Something I've been thinking about. We see Spark running a very large number of "statObject" calls and "listObject" - and I would like to speed those up. (This is not an immediate suggestion, or even a suggestion, I'm just trying to wrap my head around things and understand the feasible solution space!)
Now almost all of these calls seem very racy: delete a file, see if its "directory" is empty; create a file, see if we want to give it a directory marker - stuff like that. The point about these calls is that the calling code does not expect a consistent answer! Supposewe could identify on the Spark side these calls (because some calls really need consistency - it's just that others don't...). Then we could ask lakeFS for an inconsistent ("eventually" consistent) answer!
Would it be possible? How much faster would it be, say on DynamoDB and on PostgreSQL?
09/23/2022, 9:03 AM
I may be missing some details on the Spark side of things - but if it’s ok with a non-consistent answer can it be resolved from the client side somehow? For example, cache the latest answer, or assume deletion worked, or anything else.. The reason I’m asking for a client side is that many of the DB calls are merely repo/branch/commit calls, so saving the last one (get on the staging token for the key) won’t save that much time.
Ariel Shaqed (Scolnicov)
09/23/2022, 9:11 AM
Agree that getRepo and getBranch are easily cached. I'm thinking more of statObject - harder to cache because the storage of keys can be so large.
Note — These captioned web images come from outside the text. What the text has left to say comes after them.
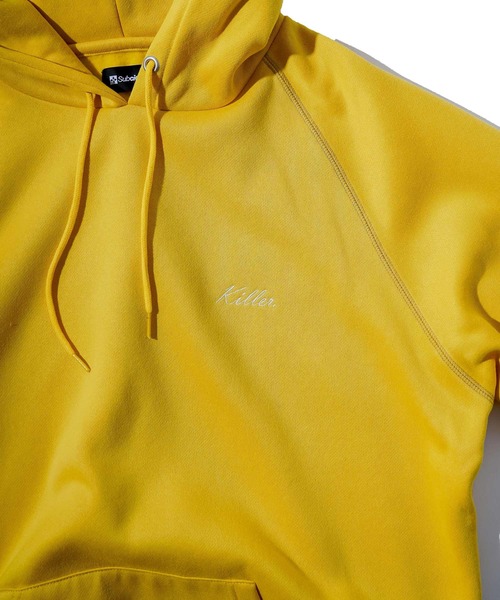 Subciety(サブサエティ)の「RAGLAN PARKA(パーカー・メンズ・グレー/ブラック/イエロー/パープル・LARGE/X-LARGE/SMALL/MEDIUM)」の18枚目の写真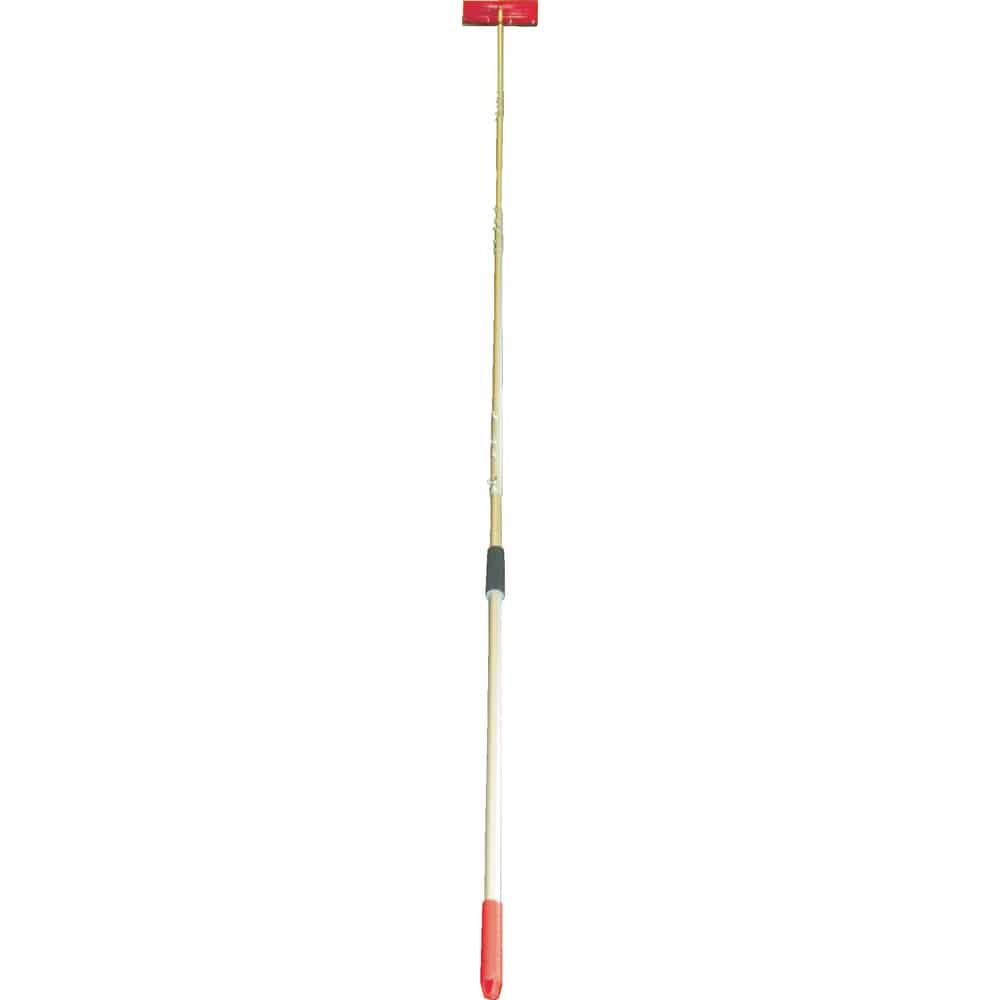 ひさし・屋根雪落し（5.0m） 29185 【直送品】 返品・キャンセル・他商品と同時購入は不可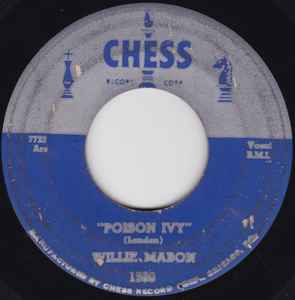 Willie Mabon – Poison Ivy / Say Man (1954, Vinyl) - Discogs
Could we make that more efficient when Spark can say "I'm okay with eventual consistency here"? I know it will be 2x cheaper on DynamoDB... but if it is so slow that we end up retrying then I've gained nothing. But if it's fast & cheap, maybe we can afford up some of these calls?
09/23/2022, 9:46 AM
I as see it at the logical level in spark there are several operation that can ask eventually consist - but will require a point in time, bookmark saying I want to wait at this point to have all my writes/deletes in place.
The problem that for a single statObject request we don't know if this is the point in time that matters.
Ariel Shaqed (Scolnicov)
09/23/2022, 9:52 AM
But perhaps we can figure it out on the Spark side using some extra information (say another hook from OutputCommitter, or wrapping another OutputCommitter, or writing our own).
Let's say that we can add such a bit to every stat call. Can lakeFS use that bit to speed up that call?